President Elect Joe Biden has picked Gina McCarthy, head of the Environmental Protection Agency (EPA) under Barack Obama and president of the leftist environmental group National Resources Defense Council, to become his climate czar. The position does not require Senate confirmation, but would have significant impact across the federal government as McCarthy is expected to guide climate policy at Transportation, Housing and Urban Development and even Treasury.
The Natural Resources Defense Council has sued the Donald J. Trump administration more than 100 times for environmental policies including energy efficiency regulations and protections for threatened species.
But McCarthy does not come to the post without a resume that includes controversies.
Obama nominated McCarthy to head the EPA on March 4, 2013. She was confirmed after a record 136-day confirmation fight.
Toxic Mine Spill
McCarthy was tapped to pursue Obama’s agenda of climate change, global warming, and using regulation to save the environment. But in August of 2015 McCarthy was forced to apologize for an EPA mine cleanup that caused a toxic mix of lead and arsenic to spill from the Gold King Mine in southwestern Colorado, contaminating rivers in that state and waterways in New Mexico and Utah.
“McCarthy said she is ‘deeply sorry’ and it ‘pains me to no end’ to see the orange-colored toxic stream unleashed in the West,” NBC reported. “Calling the spill a ‘tragic and unfortunate accident,’ she took full responsibility for the waste oozing from an abandoned mine into the Animas River.”

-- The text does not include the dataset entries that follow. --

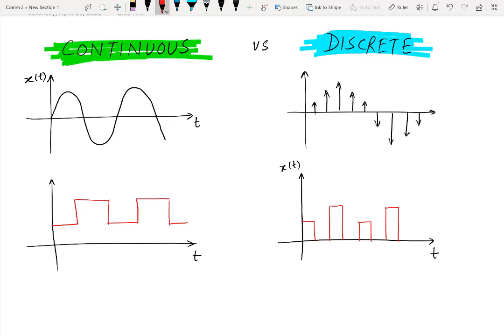As a summary, if the time axis of any signal is continuous or the signal is defined for all the values of time, then the signal will be called continuous time. Otherwise, if the signal is not defined for all the values of time, then the signal will be declared as a discrete time signal or sequence. Thank you for watching this video. Stay tuned to our channel Electrical Lectures.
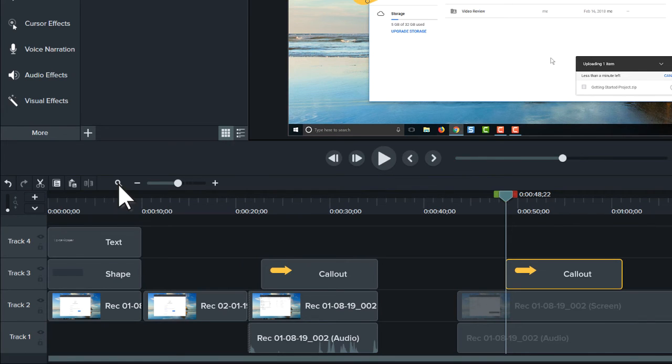Well, that's the basics of video editing in Camtasia. Be sure to check out our other tutorials, and thanks for watching!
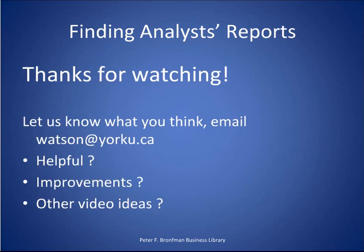Let us know if you found this video helpful, what we can do to improve, and any other research video ideas you would like to recommend.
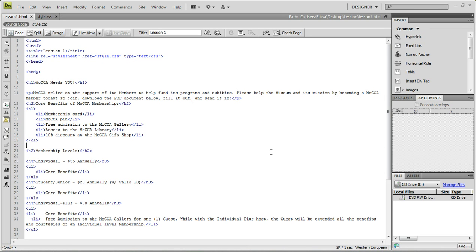Hi, so this lesson is lesson 2.5. This lesson is going to be talking about the three different types of CSS, also known as Cascading Style Sheets. The first is the most popular and preferred — the type that most designers and professionals use — and that is external CSS.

“We are going to move as quickly as we can,” McCarthy said to reporters following a speech in Washington, DC, and said her agency was “working around the clock” to prevent the mine waste from moving further downstream.
“It does take time to review and analyze data,” McCarthy said. “As far as I know, we have been thankful that there is no reported cases of anyone’s health being compromised.”
Perjury Prompts Impeachment Probe
Controversy continued the next month when an impeachment effort against McCarthy took place, as USA Today reported in an article subtitled, “Is impeachment the only solution for lack of executive accountability?” According to the report:
Rep. Paul Gosar (R-Ariz.) has introduced a resolution of impeachment against her because he says she lied during testimony about the EPA’s new clean water rules. Says Gosar: “Perjury before Congress is perjury to the American people and an affront to the fundamental principles of our republic and the rule of law. Such behavior cannot be tolerated. My legislation will hold Administrator McCarthy accountable for her blatant deceptions and unlawful conduct.”
McCarthy is accused of perjuring herself three times, in discussing the scientific and engineering basis for those rules. So, you might wonder, why not just prosecute her for perjury?
The problem is that criminal prosecutions are brought by the executive branch, and there’s not much chance that Obama administration Attorney General Loretta Lynch will bring a perjury prosecution against a fellow member of the administration. And there’s nothing Congress can do to change that. Congress could choose to hold McCarthy in contempt of Congress — as it did, in fact, to Lynch’s predecessor, former attorney general Eric Holder — but contempt of Congress is enforced by the executive branch, too.
Social Media Propaganda Charge
McCarthy survived that effort, but was in the controversy spotlight again in February of 2016, according to a Morning Consult report that said she was trying to influence the outcome of the controversial Waters of the United States (WOTUS) rule that included regulating water on private property:
Environmental Protection Agency Administrator Gina McCarthy says her agency did nothing wrong when it used social media to promote a major water rule during a public comment period. But on Thursday, she also said she would change the agency’s promotion policies after the Government Accountability Office said the EPA illegally engaged in “propaganda.”
“I think the word ‘propaganda’ is always construed as something horrible,” McCarthy testified at a House Agriculture Committee, adding that the EPA disagrees with GAO’s conclusion that the agency broke the law.
That prompted Rep. Bob Gibbs (R-Ohio) to respond, “You were lobbying the people who lobby us.” Republicans have said that in Iowa, the rule would give the EPA authority over about 97 percent of the state’s land. Opponents also say it could lead the EPA to regulate very small water supplies, including farmers’ ditches and man-made ponds. The rule includes exemptions for agriculture, but Rep. Collin Peterson (D-Minn.) said he isn’t convinced that a few carve-outs will undo the additional red tape the rule creates.
McCarthy would be the first climate adviser in the White House.